La operación es deliberadamente provocadora. Vejarano parte de la coincidencia de que Petro se asuma como heredero del legado bolivariano y, a partir de ahí, produce un comentario visual donde la historia, la política y la caricatura se rozan. Incluso introduce “un toque de humor” al imaginar a ese Bolipetro seduciendo a Manuelita Sáenz. Su obra no busca reverenciar al Libertador, sino mostrar hasta qué punto su imagen sigue siendo apropiada, intervenida y disputada por el presente.

Antonio Frío
El Bolívar íntimo, leído desde la literatura
La presencia de Antonio Frío en esta constelación de artistas aporta una inflexión distinta: la del Bolívar cotidiano, menos fijado por la solemnidad histórica que por la respiración humana de sus días. Como recordó Sandra Cuesta, directora de contenidos de las Casas del Libro Total, su apuesta puede leerse de manera particular en las ilustraciones realizadas a partir del Diario de Bucaramanga, donde el Libertador deja de aparecer solo como figura de crónica o documento para entrar en una dimensión más literaria, más compleja, más cercana a la vida.
Ese desplazamiento es importante. En lugar de insistir únicamente en el héroe épico, Antonio Frío parece interesarse por el Bolívar hombre: el sujeto atravesado por la duda, la lectura, el cansancio, el esparcimiento y las contradicciones de una existencia sometida al peso de la historia. Su obra no desmonta la grandeza del personaje, pero sí la humaniza. Le retira algo de su coraza republicana para devolverlo a una escena más vulnerable, más narrativa, más íntima.
Hay en esa mirada una afinidad con una tradición que ha preferido explorar al Libertador desde sus fisuras antes que desde su pedestal. Por eso no resulta extraño que, al pensar en estas representaciones, aparezca la resonancia de El general en su laberinto de Gabriel García Márquez: no el Bolívar inmóvil de la estatua, sino el hombre en tránsito, desgastado por el tiempo, cercado por sus recuerdos y por la intemperie de la historia. En el universo visual de Antonio Frío, esa sensibilidad encuentra una forma propia.

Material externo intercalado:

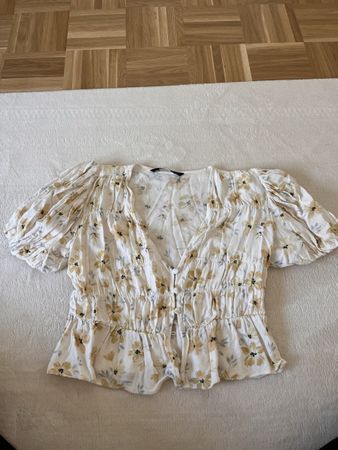 Zara printed blouse with floral details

La referencia al Diario de Bucaramanga también vuelve especialmente pertinente su presencia en esta exposición. No solo por la densidad histórica de ese episodio en la vida del Libertador, sino porque allí se registran momentos cruciales de su intimidad política y personal. Antonio Frío, ya fallecido y recordado como uno de los artistas más reconocidos de Santander, supo leer ese material no como simple archivo, sino como materia viva para una representación donde Bolívar recupera espesor humano.
Su inclusión en la muestra, además, encuentra un eco valioso en el trabajo de preservación y difusión realizado por las Casas del Libro Total, que mantienen disponible la obra del artista y permiten volver sobre una propuesta visual que dialoga con la memoria regional y con una tradición cultural más amplia. En medio de una exposición donde Bolívar aparece intervenido por la inteligencia artificial, el collage, la sátira o el feminismo, Antonio Frío ofrece otra vía: la de un Bolívar leído desde la literatura, desde la fragilidad del hombre y desde la escena mínima donde la historia, por un instante, deja de posar.